What you will do:
Take the lines from the beginning of the data below through the line holding "21015 NE 19th Ct, Miami, FL 33179 - Photo 26" and return exactly those.

*** Data for this exercise Section Begins ***

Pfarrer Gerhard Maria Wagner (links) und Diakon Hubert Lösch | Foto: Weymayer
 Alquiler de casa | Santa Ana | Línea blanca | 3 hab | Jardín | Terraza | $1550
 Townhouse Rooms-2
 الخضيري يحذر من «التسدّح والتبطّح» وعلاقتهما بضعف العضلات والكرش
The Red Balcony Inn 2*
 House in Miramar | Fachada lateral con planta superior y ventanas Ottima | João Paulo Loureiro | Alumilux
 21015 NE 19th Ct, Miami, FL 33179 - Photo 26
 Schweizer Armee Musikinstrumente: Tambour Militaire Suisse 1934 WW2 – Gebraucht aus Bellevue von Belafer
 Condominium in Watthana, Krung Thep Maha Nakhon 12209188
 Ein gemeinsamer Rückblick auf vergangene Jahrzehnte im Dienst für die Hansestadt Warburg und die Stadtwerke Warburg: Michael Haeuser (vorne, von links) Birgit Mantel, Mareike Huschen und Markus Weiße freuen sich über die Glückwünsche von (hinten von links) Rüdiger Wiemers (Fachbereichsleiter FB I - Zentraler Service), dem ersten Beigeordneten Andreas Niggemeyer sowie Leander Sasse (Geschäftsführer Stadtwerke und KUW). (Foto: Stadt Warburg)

*** Data for this exercise Section Ends ***

Task output:
Pfarrer Gerhard Maria Wagner (links) und Diakon Hubert Lösch | Foto: Weymayer
 Alquiler de casa | Santa Ana | Línea blanca | 3 hab | Jardín | Terraza | $1550
 Townhouse Rooms-2
 الخضيري يحذر من «التسدّح والتبطّح» وعلاقتهما بضعف العضلات والكرش
The Red Balcony Inn 2*
 House in Miramar | Fachada lateral con planta superior y ventanas Ottima | João Paulo Loureiro | Alumilux
 21015 NE 19th Ct, Miami, FL 33179 - Photo 26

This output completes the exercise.